Newly sworn-in US Secretary of State Mike Pompeo on Wednesday warned that a bad agreement with North Korea is not an option and promised that the President Donald Trump administration will not make the same mistakes as past presidents in dealing with Pyongyang.
Pompeo was sworn in by Vice President Mike Pence -- with Trump in attendance -- and gave a brief acceptance speech after taking the oath of office.
The former CIA Director emphasized that "we are but 15 months in this administration and we have already made outstanding progress by speaking the truth about the challenges we face, by confronting them head on, but partnering with strong nations to make America and the world more prosperous and secure".
He said that US efforts to achieve -- via diplomacy -- the full denuclearization of the Korean Peninsula were still "in the beginning stages" and it is not yet certain whether those efforts will bear fruit.
"We are committed to the permanent, verifiable, irreversible dismantling of North Korea's weapons of mass destruction program and to do so without delay," Xinhua quoted Pompeo as saying.
Trump visited the State Department on Wednesday for the first time in the 15 months he has been in office, while his predecessor, Barack Obama, accompanied his own secretary of state, Hillary Clinton, there on his first day on the job.
Pompeo replaces Rex Tillerson as the top US diplomat after Trump fired the former secretary of state in mid-March.
The President said at the ceremony that "Mike has ... earned my deepest respect, admiration and trust.

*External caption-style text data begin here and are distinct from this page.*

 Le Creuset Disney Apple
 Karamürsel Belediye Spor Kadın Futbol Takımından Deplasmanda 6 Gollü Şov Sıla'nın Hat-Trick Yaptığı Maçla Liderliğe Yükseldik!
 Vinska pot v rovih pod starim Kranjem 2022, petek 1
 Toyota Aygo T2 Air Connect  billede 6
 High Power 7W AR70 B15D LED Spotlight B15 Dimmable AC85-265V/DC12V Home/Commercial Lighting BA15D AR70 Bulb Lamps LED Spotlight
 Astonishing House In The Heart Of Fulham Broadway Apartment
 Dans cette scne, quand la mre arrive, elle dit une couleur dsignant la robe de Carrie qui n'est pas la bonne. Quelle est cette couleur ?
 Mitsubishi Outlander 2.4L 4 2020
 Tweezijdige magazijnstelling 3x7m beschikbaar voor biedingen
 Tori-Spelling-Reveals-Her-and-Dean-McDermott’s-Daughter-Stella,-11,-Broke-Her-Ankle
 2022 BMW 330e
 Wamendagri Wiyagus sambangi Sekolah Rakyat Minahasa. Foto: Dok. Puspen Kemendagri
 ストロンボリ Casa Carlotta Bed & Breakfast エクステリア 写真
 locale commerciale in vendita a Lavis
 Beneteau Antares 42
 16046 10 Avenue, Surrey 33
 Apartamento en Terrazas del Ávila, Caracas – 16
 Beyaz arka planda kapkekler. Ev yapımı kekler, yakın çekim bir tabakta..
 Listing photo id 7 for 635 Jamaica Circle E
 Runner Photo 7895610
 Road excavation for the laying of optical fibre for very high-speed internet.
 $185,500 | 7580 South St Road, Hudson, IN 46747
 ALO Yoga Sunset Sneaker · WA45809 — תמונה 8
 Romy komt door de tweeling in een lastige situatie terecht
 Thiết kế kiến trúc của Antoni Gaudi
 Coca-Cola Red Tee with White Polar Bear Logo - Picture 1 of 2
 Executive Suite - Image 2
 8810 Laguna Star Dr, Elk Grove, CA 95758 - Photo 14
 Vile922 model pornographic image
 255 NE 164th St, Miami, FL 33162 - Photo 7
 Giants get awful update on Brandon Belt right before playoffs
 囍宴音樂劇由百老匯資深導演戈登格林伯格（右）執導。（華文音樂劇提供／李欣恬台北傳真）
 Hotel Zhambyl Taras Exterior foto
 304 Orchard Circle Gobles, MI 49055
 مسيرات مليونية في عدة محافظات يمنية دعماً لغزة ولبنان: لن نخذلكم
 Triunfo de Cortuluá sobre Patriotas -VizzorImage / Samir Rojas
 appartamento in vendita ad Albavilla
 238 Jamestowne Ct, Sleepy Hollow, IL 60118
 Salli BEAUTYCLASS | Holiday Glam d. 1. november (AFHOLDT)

And you'll see why over the coming years, probably over the coming months. I have absolute confidence he will do an incredible job."
"I must say, that's more spirit than I've heard from the State Department in a long time. Many years. We can say many years, maybe many decades," said Trump at the ceremony, responding to the applause of those present.
Trump did not refer to North Korea or to the Iran nuclear agreement, a pact that Pompeo also did not mention despite expectations about the possibility that the US will withdraw from the accord before May 12.